### What you are asked to do
When you reach the line below that has "Bán nhà Kim", start returning lines exactly, and stop after the line that has "Sunny One Bedroom - Photo 2"; skip the pictures.

Material for the task START

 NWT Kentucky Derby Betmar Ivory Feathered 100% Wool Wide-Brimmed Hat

Material for the task END
Material for the task START

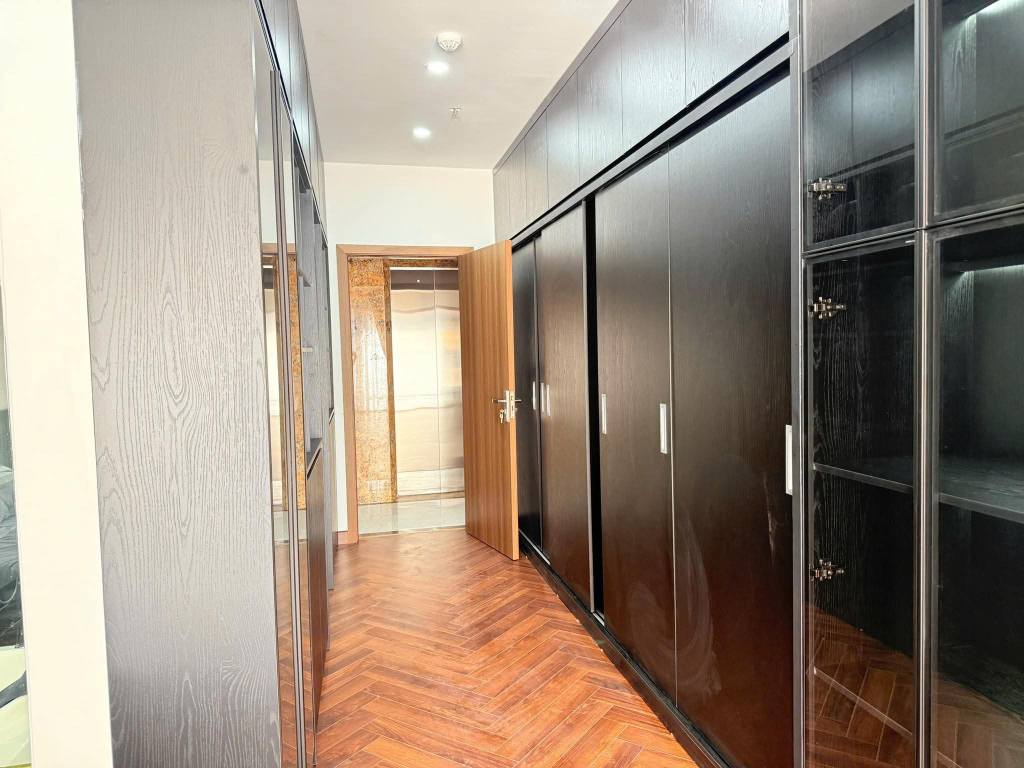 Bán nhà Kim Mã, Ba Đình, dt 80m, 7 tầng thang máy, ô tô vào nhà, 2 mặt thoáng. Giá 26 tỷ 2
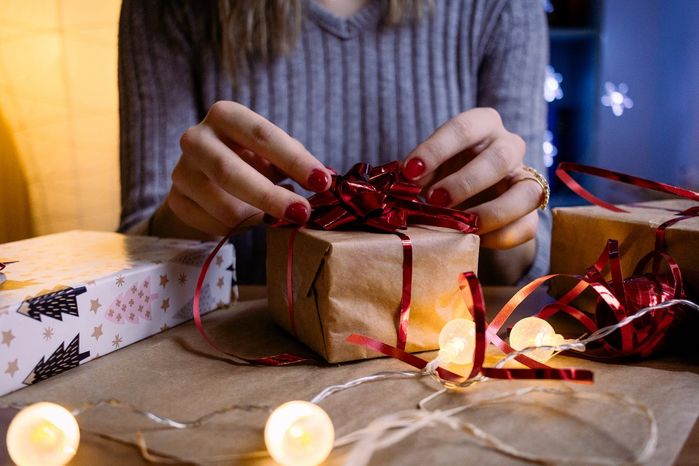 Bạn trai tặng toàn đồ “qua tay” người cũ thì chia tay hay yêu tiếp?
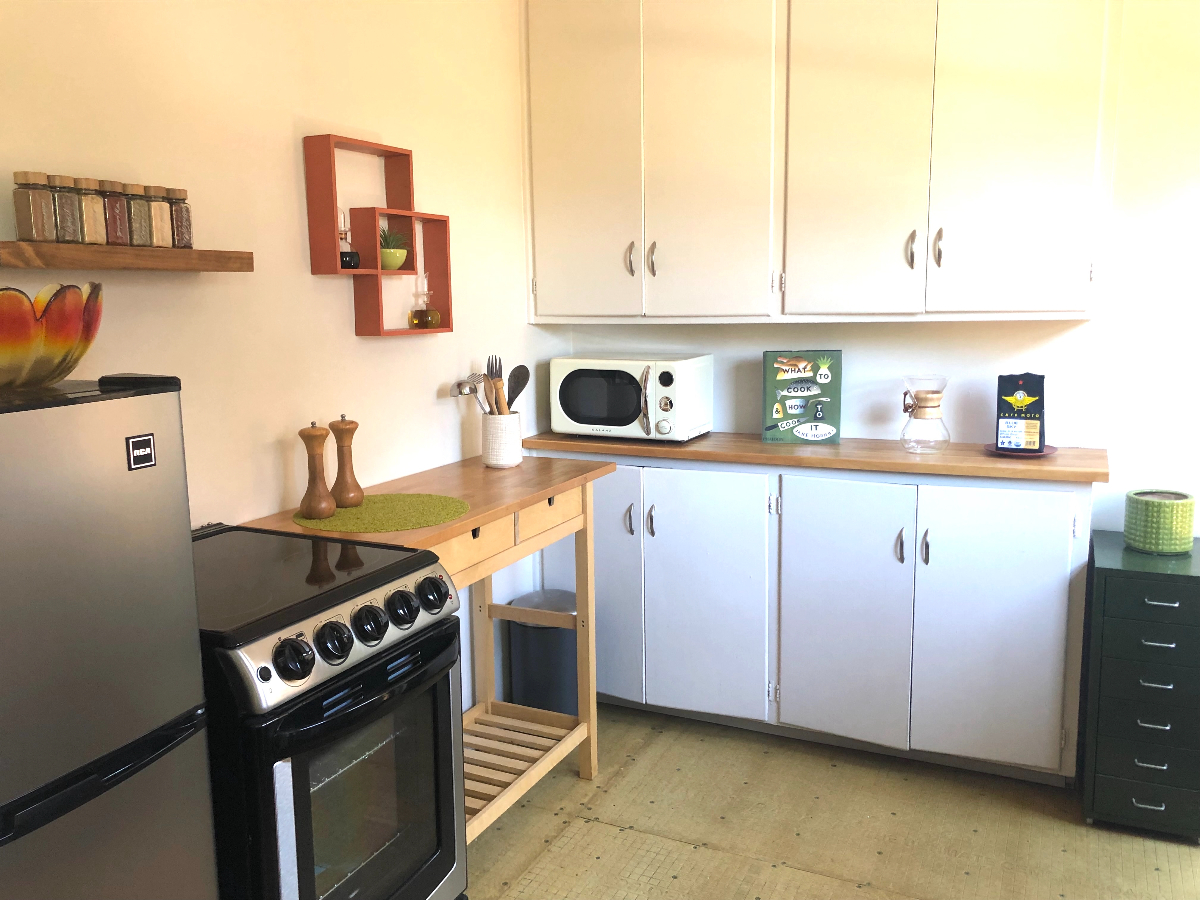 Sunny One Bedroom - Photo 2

Material for the task END

### Reply
 Bán nhà Kim Mã, Ba Đình, dt 80m, 7 tầng thang máy, ô tô vào nhà, 2 mặt thoáng. Giá 26 tỷ 2
 Bạn trai tặng toàn đồ “qua tay” người cũ thì chia tay hay yêu tiếp?
 Sunny One Bedroom - Photo 2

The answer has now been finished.